Visualizing the origins of selfish de novo mutations in individual seminiferous tubules of human testes

Abstract

De novo point mutations arise predominantly in the male germline and increase in frequency with age, but it has not previously been possible to locate specific, identifiable mutations directly within the seminiferous tubules of human testes. Using microdissection of tubules exhibiting altered expression of the spermatogonial markers MAGEA4, FGFR3, and phospho-AKT, whole genome amplification, and DNA sequencing, we establish an in situ strategy for discovery and analysis of pathogenic de novo mutations. In 14 testes from men aged 39-90 y, we identified 11 distinct gain-of-function mutations in five genes (fibroblast growth factor receptors FGFR2 and FGFR3, tyrosine phosphatase PTPN11, and RAS oncogene homologs HRAS and KRAS) from 16 of 22 tubules analyzed; all mutations have known associations with severe diseases, ranging from congenital or perinatal lethal disorders to somatically acquired cancers. These results support proposed selfish selection of spermatogonial mutations affecting growth factor receptor-RAS signaling, highlight its prevalence in older men, and enable direct visualization of the microscopic anatomy of elongated mutant clones.

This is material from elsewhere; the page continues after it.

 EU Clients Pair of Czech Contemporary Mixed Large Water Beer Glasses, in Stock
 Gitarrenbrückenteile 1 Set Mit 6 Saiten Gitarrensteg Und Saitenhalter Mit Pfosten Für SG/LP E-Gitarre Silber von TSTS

Keywords: germline; mutation; selfish selection; seminiferous tubule; testis.

Fig. 1.

Seminiferous tubules strongly immunopositive for MAGEA4 contain pathogenic mutations. (A–C) Thin sections from three FFPE testes showing spermatogonia, marked by MAGEA4 positivity (brown staining), present in a single layer at the periphery of normal tubular cross-sections (green surround or unlabeled). A subset of tubules (immunopositive tubules) display enhanced MAGEA4 staining (blue surround) due to dense clustering of spermatogonia with strong immunoreactivity. Dideoxy-sequencing traces were obtained from non-WGA DNA extracted from microdissected tissue of an adjacent section. (A) Heterozygous FGFR3 c.1118A>G (p.Y373C) mutations (*) are present in immunopositive tubules, but not in neighboring normal tubules. Clusters of mutation-positive tubules likely represent cross-sections of a single convoluted tubule. (B) In a longitudinal section of a tubule showing the transition from normal to strongly immunopositive staining, the heterozygous HRAS c.37C>G (p.G13R) mutation (*) was specific to the immunopositive portion, pinpointing the boundary between nonmutant and mutant cells. (C) Heterozygous FGFR2 c.758C>G (p.P253R) mutation (*) in immunopositive tubule. (Scale bars: 100 µm.)

Fig. 2.

Independent mutations can populate adjacent MAGEA4 immunopositive tubules, and extensive regional spread can occur. (A) Mutually exclusive FGFR3 c.742C>T (p.R248C) (blue surround) and PTPN11 c.215C>T (p.A72V) (red surround) mutations (*) in neighboring tubules with similar immunopositive appearance. (B) Low magnification view showing extensive region of tubules with FGFR3 c.1948A>G (p.K650E) mutation (*) (blue surround). Immunopositive tubules outside this region harbor a different nucleotide substitution, FGFR2 c.870G>T (p.W290C) (*) (red surround). (Scale bars: 1 mm.)

Fig. 3.

Analysis of spermatogenesis in immunopositive tubules. The difference in Johnsen scores between paired immunopositive and adjacent normal tubules is plotted for each pair; Johnsen scores range between 1 (no seminiferous epithelium) and 10 (full spermatogenesis). In pairwise analysis, the Johnsen score is significantly lower in immunopositive than in normal-staining tubules (P = 5.2 × 10⁻⁵, Wilcoxon signed rank test).

Fig. 4.

Retention of mutant seminiferous tubules in severely atrophic testis. (A) Low magnification view of MAGEA4-stained atrophic testis with the dotted line demarcating the testicular parenchyma. Tubules with spermatogonia (identified by brown stain) are rare and present only in the outlined box. (B) Higher magnification of boxed region, demonstrating that most of the tubular cross-sections containing spermatogonia have an immunopositive appearance (blue surround) and carry the apparently homozygous FGFR3 c.1948A>G (p.K650E) mutation (*). The normally stained tubules (green surround) do not carry the mutation at a detectable level. (Scale bars: 1 mm.)